After two years of investigation, the European Union is no nearer to charging the multinational US technology giant Amazon over alleged antitrust violations than it was in the beginning, the Financial Times has reported.
The newspaper said on Thursday sources with direct knowledge of the matter had said EU regulators were struggling to find evidence.
The bloc claimed in July 2019 the company's online retailing sector had manipulated algorithms to boost the sale of in-house products. The claim followed rivals alleging Amazon had found a way to ensure inferior but more expensive Amazon products outsold items from other sellers on the company's site.

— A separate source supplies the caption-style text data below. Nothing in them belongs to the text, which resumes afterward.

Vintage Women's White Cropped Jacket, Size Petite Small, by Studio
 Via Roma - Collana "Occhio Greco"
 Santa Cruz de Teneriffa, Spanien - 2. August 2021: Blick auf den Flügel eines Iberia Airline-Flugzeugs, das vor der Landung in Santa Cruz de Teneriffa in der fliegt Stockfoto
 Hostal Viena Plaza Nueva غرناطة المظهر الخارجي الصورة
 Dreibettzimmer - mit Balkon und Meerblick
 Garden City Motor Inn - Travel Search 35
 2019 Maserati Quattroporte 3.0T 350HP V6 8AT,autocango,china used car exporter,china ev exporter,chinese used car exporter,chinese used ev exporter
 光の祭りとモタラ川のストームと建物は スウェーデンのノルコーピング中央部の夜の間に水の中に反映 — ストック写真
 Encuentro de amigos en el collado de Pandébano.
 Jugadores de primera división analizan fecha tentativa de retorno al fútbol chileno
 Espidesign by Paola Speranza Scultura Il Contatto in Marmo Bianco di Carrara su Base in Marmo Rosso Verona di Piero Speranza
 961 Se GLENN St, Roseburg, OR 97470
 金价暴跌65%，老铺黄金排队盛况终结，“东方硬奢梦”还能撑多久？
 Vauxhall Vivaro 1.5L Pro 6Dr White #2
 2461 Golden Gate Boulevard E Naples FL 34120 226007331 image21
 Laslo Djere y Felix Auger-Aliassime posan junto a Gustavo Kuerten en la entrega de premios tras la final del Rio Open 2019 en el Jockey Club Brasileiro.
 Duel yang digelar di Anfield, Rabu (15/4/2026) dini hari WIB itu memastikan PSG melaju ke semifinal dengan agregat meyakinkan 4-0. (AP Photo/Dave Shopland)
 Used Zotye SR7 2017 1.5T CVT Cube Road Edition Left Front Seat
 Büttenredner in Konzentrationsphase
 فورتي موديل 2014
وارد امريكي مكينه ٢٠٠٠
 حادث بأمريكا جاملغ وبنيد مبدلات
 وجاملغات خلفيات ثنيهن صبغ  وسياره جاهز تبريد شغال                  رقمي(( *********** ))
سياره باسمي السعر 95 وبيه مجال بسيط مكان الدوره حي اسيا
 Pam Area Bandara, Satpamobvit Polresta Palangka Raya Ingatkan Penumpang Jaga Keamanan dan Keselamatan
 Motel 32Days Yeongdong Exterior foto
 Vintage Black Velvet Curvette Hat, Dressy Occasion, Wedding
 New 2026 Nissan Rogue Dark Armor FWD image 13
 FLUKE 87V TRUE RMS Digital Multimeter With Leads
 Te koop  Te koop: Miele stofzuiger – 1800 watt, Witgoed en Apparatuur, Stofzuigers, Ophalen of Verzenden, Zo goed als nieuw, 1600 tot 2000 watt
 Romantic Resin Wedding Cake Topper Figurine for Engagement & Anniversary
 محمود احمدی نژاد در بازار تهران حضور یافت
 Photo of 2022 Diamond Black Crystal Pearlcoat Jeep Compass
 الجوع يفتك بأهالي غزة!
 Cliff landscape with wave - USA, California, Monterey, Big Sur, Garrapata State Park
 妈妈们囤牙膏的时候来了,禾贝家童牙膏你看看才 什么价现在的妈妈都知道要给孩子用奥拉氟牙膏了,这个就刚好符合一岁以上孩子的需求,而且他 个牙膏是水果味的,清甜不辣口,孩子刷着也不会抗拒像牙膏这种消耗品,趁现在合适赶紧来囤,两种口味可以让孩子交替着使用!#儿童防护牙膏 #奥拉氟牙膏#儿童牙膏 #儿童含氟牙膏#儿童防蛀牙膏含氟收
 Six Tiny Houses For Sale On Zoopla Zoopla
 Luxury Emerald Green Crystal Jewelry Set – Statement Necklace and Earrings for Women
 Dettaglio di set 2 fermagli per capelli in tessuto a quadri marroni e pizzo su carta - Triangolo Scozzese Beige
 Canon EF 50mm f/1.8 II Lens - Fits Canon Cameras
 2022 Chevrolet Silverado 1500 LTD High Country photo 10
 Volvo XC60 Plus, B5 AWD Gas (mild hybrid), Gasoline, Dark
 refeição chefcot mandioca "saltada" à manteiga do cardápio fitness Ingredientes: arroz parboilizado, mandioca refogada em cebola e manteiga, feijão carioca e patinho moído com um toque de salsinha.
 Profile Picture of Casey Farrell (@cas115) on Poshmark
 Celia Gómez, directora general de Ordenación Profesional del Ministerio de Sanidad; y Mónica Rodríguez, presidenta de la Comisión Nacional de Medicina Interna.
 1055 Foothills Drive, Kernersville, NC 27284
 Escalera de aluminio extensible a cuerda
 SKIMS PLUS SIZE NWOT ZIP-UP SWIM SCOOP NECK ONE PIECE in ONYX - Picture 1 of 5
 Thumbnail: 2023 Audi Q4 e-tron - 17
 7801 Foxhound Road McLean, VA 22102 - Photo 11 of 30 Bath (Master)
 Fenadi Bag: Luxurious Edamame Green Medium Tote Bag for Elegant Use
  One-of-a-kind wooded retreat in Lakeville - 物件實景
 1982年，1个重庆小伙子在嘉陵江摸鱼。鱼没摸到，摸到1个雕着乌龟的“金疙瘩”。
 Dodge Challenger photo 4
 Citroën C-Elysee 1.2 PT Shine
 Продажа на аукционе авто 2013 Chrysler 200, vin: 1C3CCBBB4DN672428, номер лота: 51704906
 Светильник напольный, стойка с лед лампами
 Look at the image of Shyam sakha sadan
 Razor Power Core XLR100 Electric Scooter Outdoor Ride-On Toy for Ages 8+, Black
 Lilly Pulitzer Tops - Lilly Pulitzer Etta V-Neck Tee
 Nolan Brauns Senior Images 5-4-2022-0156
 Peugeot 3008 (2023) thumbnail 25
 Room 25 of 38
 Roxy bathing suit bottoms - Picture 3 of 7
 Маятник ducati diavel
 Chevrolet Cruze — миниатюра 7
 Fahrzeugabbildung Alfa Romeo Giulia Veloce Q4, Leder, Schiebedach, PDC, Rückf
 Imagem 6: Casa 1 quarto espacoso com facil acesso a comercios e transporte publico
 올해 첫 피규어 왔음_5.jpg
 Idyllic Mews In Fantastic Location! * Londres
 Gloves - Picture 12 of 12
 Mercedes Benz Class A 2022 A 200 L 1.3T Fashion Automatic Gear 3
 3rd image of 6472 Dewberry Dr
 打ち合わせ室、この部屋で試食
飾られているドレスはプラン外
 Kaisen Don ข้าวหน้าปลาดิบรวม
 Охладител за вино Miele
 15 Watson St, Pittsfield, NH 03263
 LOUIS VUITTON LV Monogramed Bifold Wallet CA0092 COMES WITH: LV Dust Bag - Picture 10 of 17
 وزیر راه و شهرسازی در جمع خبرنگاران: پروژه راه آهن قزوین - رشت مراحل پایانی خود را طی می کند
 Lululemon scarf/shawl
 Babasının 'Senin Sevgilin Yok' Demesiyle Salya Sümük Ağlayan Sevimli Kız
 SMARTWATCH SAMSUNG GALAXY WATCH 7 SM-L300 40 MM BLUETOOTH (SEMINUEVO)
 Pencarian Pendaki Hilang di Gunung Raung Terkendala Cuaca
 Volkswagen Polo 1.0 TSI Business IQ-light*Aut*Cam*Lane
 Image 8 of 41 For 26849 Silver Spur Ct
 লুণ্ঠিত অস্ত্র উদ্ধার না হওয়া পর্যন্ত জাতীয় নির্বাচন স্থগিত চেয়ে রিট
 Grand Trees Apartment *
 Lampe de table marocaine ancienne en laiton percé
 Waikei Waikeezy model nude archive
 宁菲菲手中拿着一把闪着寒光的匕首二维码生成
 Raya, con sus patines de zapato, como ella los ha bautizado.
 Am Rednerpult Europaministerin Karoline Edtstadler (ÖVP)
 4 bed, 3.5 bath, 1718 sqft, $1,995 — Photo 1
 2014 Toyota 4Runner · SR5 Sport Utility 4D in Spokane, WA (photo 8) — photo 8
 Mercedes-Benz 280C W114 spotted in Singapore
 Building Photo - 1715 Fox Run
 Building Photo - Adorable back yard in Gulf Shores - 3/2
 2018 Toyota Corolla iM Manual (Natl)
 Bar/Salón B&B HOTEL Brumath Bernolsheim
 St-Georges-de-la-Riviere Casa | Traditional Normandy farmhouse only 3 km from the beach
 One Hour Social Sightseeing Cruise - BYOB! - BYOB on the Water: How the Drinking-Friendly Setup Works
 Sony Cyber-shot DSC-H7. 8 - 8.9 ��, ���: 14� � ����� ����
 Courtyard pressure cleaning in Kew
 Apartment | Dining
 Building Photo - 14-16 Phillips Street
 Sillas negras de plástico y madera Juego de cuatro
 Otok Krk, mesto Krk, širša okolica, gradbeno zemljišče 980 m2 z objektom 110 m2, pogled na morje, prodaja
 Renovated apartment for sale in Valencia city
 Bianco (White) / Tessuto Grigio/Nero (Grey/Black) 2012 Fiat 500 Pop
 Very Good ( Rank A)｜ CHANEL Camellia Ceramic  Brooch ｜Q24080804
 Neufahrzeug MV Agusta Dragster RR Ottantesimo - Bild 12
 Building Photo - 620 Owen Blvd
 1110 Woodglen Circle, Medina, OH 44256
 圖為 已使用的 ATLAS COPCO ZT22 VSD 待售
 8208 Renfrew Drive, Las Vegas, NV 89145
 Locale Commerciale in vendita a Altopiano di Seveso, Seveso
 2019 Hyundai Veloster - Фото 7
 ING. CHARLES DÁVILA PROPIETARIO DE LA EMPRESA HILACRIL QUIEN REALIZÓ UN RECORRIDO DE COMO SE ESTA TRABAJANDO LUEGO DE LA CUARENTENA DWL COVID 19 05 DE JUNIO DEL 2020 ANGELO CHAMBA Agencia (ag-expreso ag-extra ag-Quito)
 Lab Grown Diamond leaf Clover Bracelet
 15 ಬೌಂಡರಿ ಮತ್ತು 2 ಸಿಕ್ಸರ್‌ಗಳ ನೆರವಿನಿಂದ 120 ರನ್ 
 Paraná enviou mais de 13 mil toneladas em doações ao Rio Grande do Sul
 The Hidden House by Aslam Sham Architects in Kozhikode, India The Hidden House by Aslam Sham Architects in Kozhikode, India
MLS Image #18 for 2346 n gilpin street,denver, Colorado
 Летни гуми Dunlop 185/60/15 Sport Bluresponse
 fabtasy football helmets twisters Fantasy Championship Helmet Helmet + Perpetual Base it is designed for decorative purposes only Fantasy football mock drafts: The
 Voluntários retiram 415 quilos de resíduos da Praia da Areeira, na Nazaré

But the Financial Times said EU investigators still have not got to the bottom of how the company's algorithm works, despite sending questions about it to the company. And the paper said the EU will not be able to get a first-hand look at the retailer's proprietary code because of legal limits on such access, making it very unlikely the bloc will build a case.
An unnamed Brussels-based legal expert with knowledge of the case told the paper: "Cases involving algorithms are complex. ... But the EU doesn't have to dictate how a computer code works. It is for the company that uses the algorithm to deliver a fair result."
The paper said other legal experts said the EU's case against Amazon has been moving far more slowly than comparable probes.
Brussels has recently declared its intention of limiting the power of big tech companies and is increasing its scrutiny of them through sweeping new draft laws unveiled in December.
Previous legal effort
In separate legal action, the bloc formally charged Amazon in November with breaking EU competition rules by using information gleaned from third-party sellers.
Meanwhile, the UK government has defended new investment tax breaks that will benefit companies such as Amazon.
The Times newspaper reported on Thursday that Oliver Dowden, the secretary of state for digital, culture, media and sport, acknowledged there were "very serious questions" around why some large companies appeared to pay very little tax.
But he said the plan announced in the budget to introduce a $35-billion "super-deduction" program that will give companies an enhanced rate of tax relief on investments in plant and machinery was a good idea, despite the fact that campaigners said it could entirely "wipe out" Amazon's UK tax bill.
"It is a good thing if companies are going to be investing in tech: that's the point, to encourage companies to invest heavily while many of them, particularly in the tech sector, are sitting on very large amounts of cash," he said.
The initiative means investments in plant and machinery will get a 130 percent capital allowance.